Re: [PATCH 1/2] mm/mprotect: Call arch_validate_prot under mmap_lock and with length

From: Khalid Aziz <khalid.aziz@oracle.com>
To: Catalin Marinas <catalin.marinas@arm.com>
Cc: Jann Horn <jannh@google.com>,
	linuxppc-dev@lists.ozlabs.org, linux-kernel@vger.kernel.org,
	Christoph Hellwig <hch@infradead.org>,
	linux-mm@kvack.org, Paul Mackerras <paulus@samba.org>,
	sparclinux@vger.kernel.org,
	Anthony Yznaga <anthony.yznaga@oracle.com>,
	Andrew Morton <akpm@linux-foundation.org>,
	Will Deacon <will@kernel.org>,
	"David S. Miller" <davem@davemloft.net>,
	linux-arm-kernel@lists.infradead.org
Subject: Re: [PATCH 1/2] mm/mprotect: Call arch_validate_prot under mmap_lock and with length
Date: Wed, 14 Oct 2020 15:21:16 -0600	[thread overview]
Message-ID: <e4c2c56b-3dbe-73dd-ea72-a5378de7de6a@oracle.com> (raw)
In-Reply-To: <20201013091638.GA10778@gaia>

On 10/13/20 3:16 AM, Catalin Marinas wrote:
> On Mon, Oct 12, 2020 at 01:14:50PM -0600, Khalid Aziz wrote:
>> On 10/12/20 11:22 AM, Catalin Marinas wrote:
>>> On Mon, Oct 12, 2020 at 11:03:33AM -0600, Khalid Aziz wrote:
>>>> On 10/10/20 5:09 AM, Catalin Marinas wrote:
>>>>> On Wed, Oct 07, 2020 at 02:14:09PM -0600, Khalid Aziz wrote:
>>>>>> On 10/7/20 1:39 AM, Jann Horn wrote:
>>>>>>> arch_validate_prot() is a hook that can validate whether a given set of
>>>>>>> protection flags is valid in an mprotect() operation. It is given the set
>>>>>>> of protection flags and the address being modified.
>>>>>>>
>>>>>>> However, the address being modified can currently not actually be used in
>>>>>>> a meaningful way because:
>>>>>>>
>>>>>>> 1. Only the address is given, but not the length, and the operation can
>>>>>>>    span multiple VMAs. Therefore, the callee can't actually tell which
>>>>>>>    virtual address range, or which VMAs, are being targeted.
>>>>>>> 2. The mmap_lock is not held, meaning that if the callee were to check
>>>>>>>    the VMA at @addr, that VMA would be unrelated to the one the
>>>>>>>    operation is performed on.
>>>>>>>
>>>>>>> Currently, custom arch_validate_prot() handlers are defined by
>>>>>>> arm64, powerpc and sparc.
>>>>>>> arm64 and powerpc don't care about the address range, they just check the
>>>>>>> flags against CPU support masks.
>>>>>>> sparc's arch_validate_prot() attempts to look at the VMA, but doesn't take
>>>>>>> the mmap_lock.
>>>>>>>
>>>>>>> Change the function signature to also take a length, and move the
>>>>>>> arch_validate_prot() call in mm/mprotect.c down into the locked region.
>>>>> [...]
>>>>>> As Chris pointed out, the call to arch_validate_prot() from do_mmap2()
>>>>>> is made without holding mmap_lock.

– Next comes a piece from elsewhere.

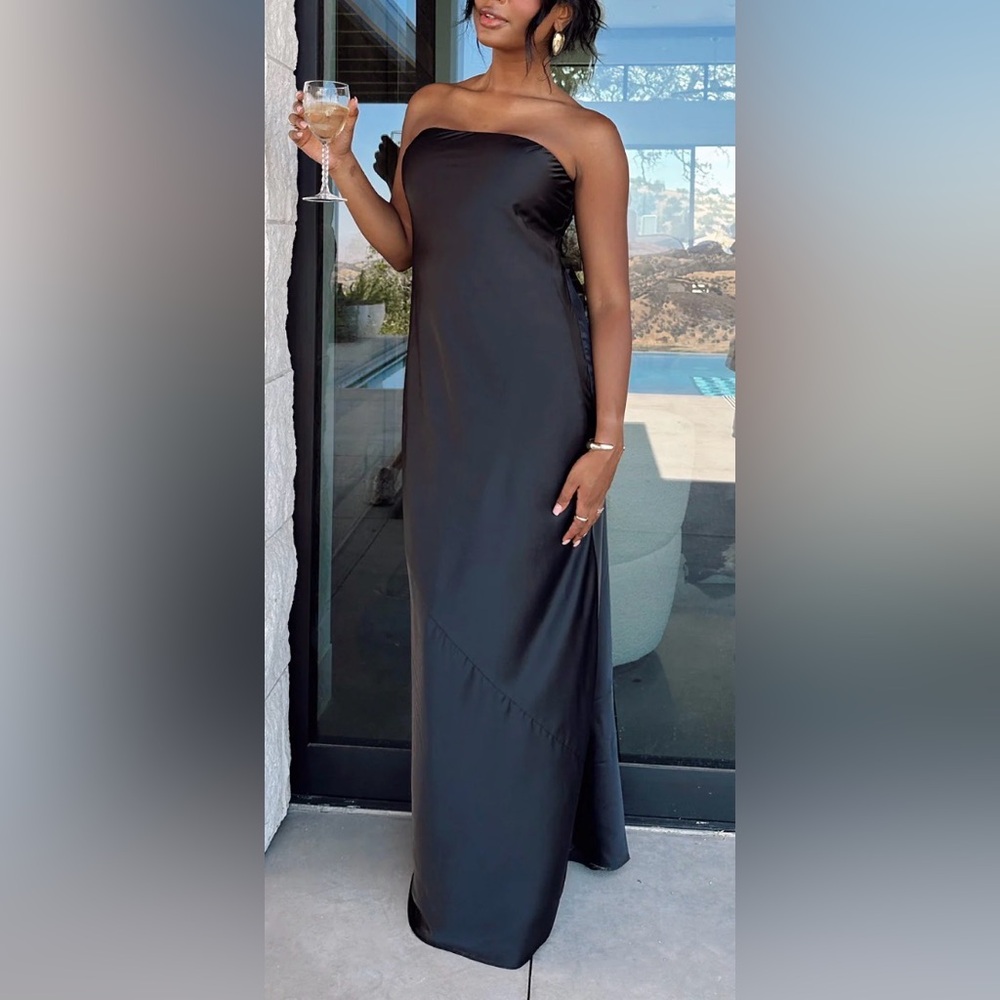 Show Me‎ Your MuMu Taylor tube maxi Black Strapless Gown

Lock is not acquired until
>>>>>> vm_mmap_pgoff(). This variance is uncomfortable but I am more
>>>>>> uncomfortable forcing all implementations of validate_prot to require
>>>>>> mmap_lock be held when non-sparc implementations do not have such need
>>>>>> yet. Since do_mmap2() is in powerpc specific code, for now this patch
>>>>>> solves a current problem.
>>>>>
>>>>> I still think sparc should avoid walking the vmas in
>>>>> arch_validate_prot(). The core code already has the vmas, though not
>>>>> when calling arch_validate_prot(). That's one of the reasons I added
>>>>> arch_validate_flags() with the MTE patches. For sparc, this could be
>>>>> (untested, just copied the arch_validate_prot() code):
>>>>
>>>> I am little uncomfortable with the idea of validating protection bits
>>>> inside the VMA walk loop in do_mprotect_pkey(). When ADI is being
>>>> enabled across multiple VMAs and arch_validate_flags() fails on a VMA
>>>> later, do_mprotect_pkey() will bail out with error leaving ADI enabled
>>>> on earlier VMAs. This will apply to protection bits other than ADI as
>>>> well of course. This becomes a partial failure of mprotect() call. I
>>>> think it should be all or nothing with mprotect() - when one calls
>>>> mprotect() from userspace, either the entire address range passed in
>>>> gets its protection bits updated or none of it does. That requires
>>>> validating protection bits upfront or undoing what earlier iterations of
>>>> VMA walk loop might have done.
>>>
>>> I thought the same initially but mprotect() already does this with the
>>> VM_MAY* flag checking. If you ask it for an mprotect() that crosses
>>> multiple vmas and one of them fails, it doesn't roll back the changes to
>>> the prior ones. I considered that a similar approach is fine for MTE
>>> (it's most likely a user error).
>>
>> You are right about the current behavior with VM_MAY* flags, but that is
>> not the right behavior. Adding more cases to this just perpetuates
>> incorrect behavior. It is not easy to roll back changes after VMAs have
>> potentially been split/merged which is probably why the current code
>> simply throws in the towel and returns with partially modified address
>> space. It is lot easier to do all the checks upfront and then proceed or
>> not proceed with modifying VMAs. One approach might be to call
>> arch_validate_flags() in a loop before modifying VMAs and walk all VMAs
>> with a read lock held. Current code also bails out with ENOMEM if it
>> finds a hole in the address range and leaves any modifications already
>> made in place. This is another case where a hole could have been
>> detected earlier.
> 
> This should be ideal indeed though with the risk of breaking the current
> ABI (FWIW, FreeBSD seems to do a first pass to check for violations:
> https://github.com/freebsd/freebsd/blob/master/sys/vm/vm_map.c#L2630).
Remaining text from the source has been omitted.